While the standard approach was effective, it was operationally inefficient, unresponsive to changing requirements, and didn’t provide visualized insights:
- A manual process of data collection, management, and analysis reduced the overall efficiency of account access reviews and confirmation. Relying on a manual data import process via Excel for each user application file meant that each file needed to be “cleaned” and standardized individually based on common file parameters
(e.g. Banner ID numbers, Active Directory identifiers, etc.) each time the file was received from the client. After a file was standardized, it was individually compared against a list of approved users with access to each application containing ePHI. This process was repeated for each user application file, and was repeated again if a newer version of the user application file was provided by the client. This manual process also increased the potential risk of data errors based on version control errors. - The use of multiple software systems made it difficult to generate a unique ID for each application user across all systems. Since each software system retained different data elements for its users, generating a unique ID for comparisons to the list of approved users with access to ePHI, and to identify duplicate users within additional systems, was a burdensome process.
- With limited interconnectivity between each user application file, it was difficult to generate dynamic and insightful analyses to identify root causes of access errors to ePHI. The manual process of data collection, management, and analysis resulted in limited capacity to design queries for further statistical analysis about certain applications and user roles, or to effectively respond to ad hoc analysis requests from the university.
The solution
Our cross-functional team of cybersecurity and data analytics experts designed an improved analytics framework to automate the process of data collection, management, and analysis. Leveraging advanced analytical tools including Alteryx, SQL, and Tableau, we greatly improved their efficiency, responsiveness, and ability to produce insightful analysis. The new analytics framework was divided into three phases:
1. Data importing, cleaning, and standardization
- Each application user file was imported into Alteryx.
- The data was cleaned & transformed to improve data quality.
- Based on the available data elements, unique IDs were generated for each user, & five standardized data elements were retained for each user.
- All user application files were merged together into a unified application user data file & exported to a secure SQL server database.
2. Query-based matching method within secure SQL server database
- The ePHI Permitted Users list was imported to a secure SQL server database.
- Within this SQL environment, 25 separate queries were executed in order to determine whether each user was permitted to have access to ePHI data. These queries tested multiple variations of standardized data elements to minimize the occurrence of false-positive results.
- The final results were stored within the SQL server database.
3. Generation of department-level reports and dynamic analysis
- The list of users that were identified as incorrectly having access to ePHI-related data systems was compiled & provided to each applicable university department for remediation.
- An executive dashboard was created using user access data generated throughout the analysis process. A Sankey flow diagram provides IT leaders with a compressive view into which departments and applications resulted in higher rates of user access errors. Additionally, an application scorecard was created to provide drill-down capabilities for root-cause analysis.

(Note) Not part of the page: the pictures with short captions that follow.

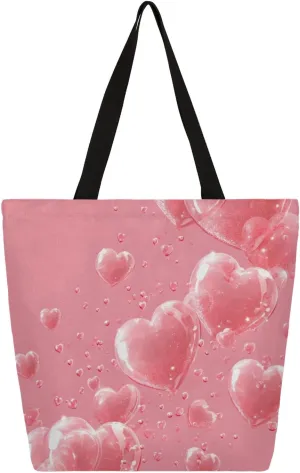 Bow Stars Stripes Large Opening Canvas Tote Bag with Interior Pocket Woman Gifts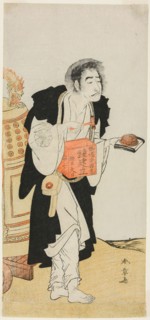 The Actor Nakamura Nakazo I as the Renegade Monk Dainichibo Soliciting Alms, in the Pla..., c. 1779. Creator: Shunsho.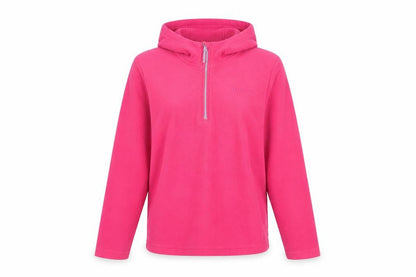 Front view of Mountain Warehouse Teens Pink Fleece Hoodie 13 Yrs 1/2 Zip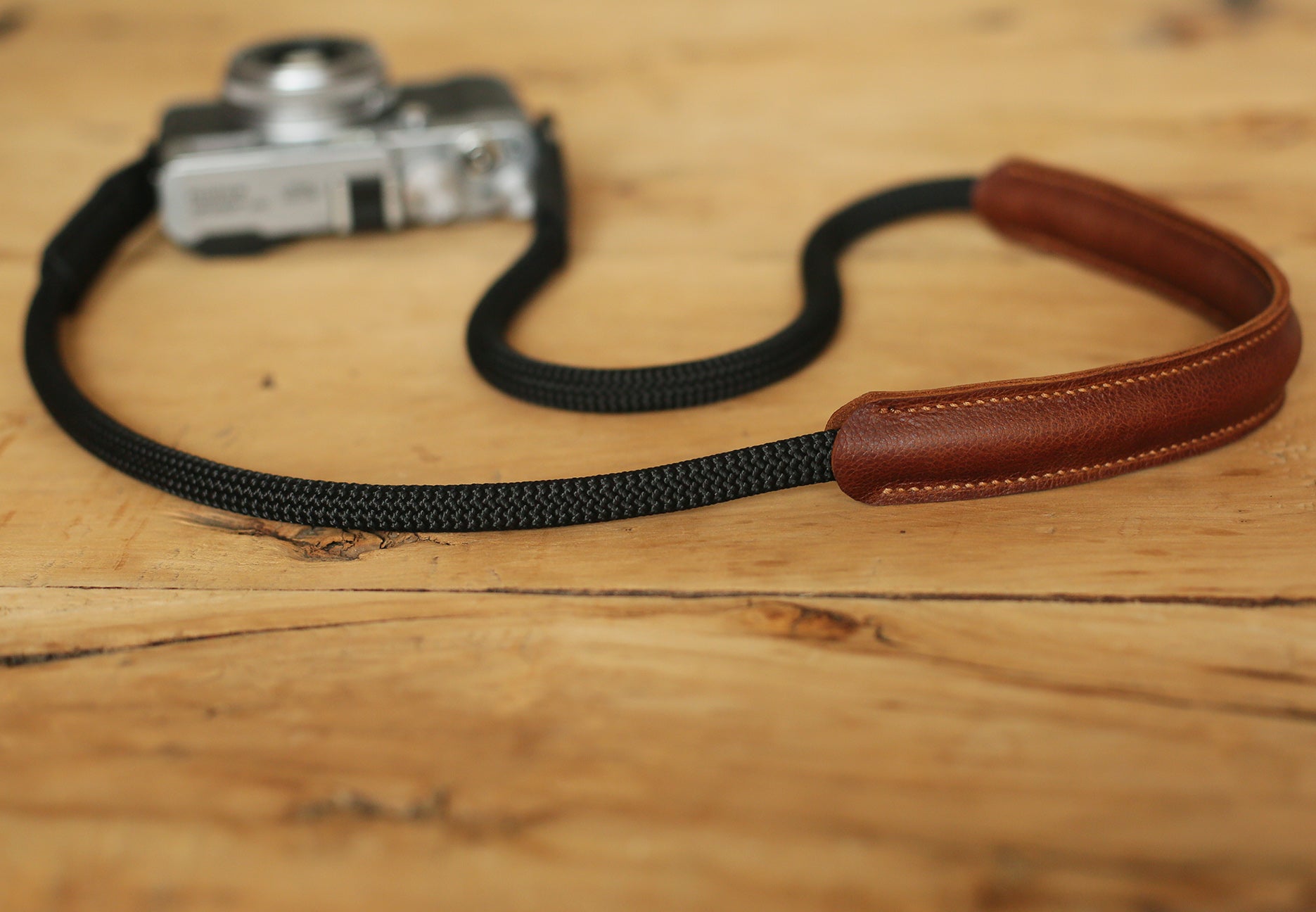 10mm climbing rope camera strap with stitched leather ends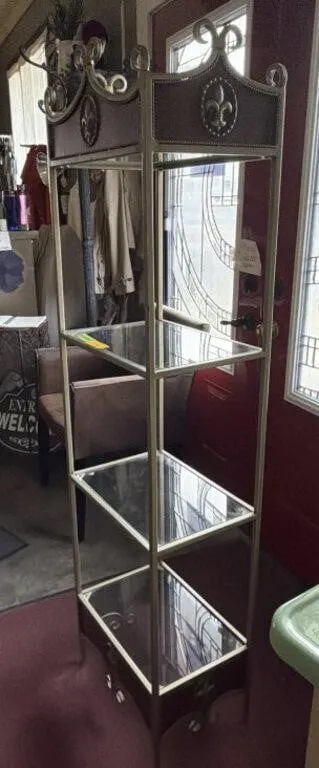 Fleurs-de-Lis Metal/Glass Display Shelf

Additionally, throughout the process, department leader feedback was integrated to improve the accuracy and timeliness of the analysis.
The benefit
This improved approach allows the university to spend time on value add, risk remediation activities versus manual data processing. This shift from tactical tasks to strategic advising results in a sustainable, data-driven solution. The university can now better understand the root causes that lead to user access errors, and increase the speed risks are remediated.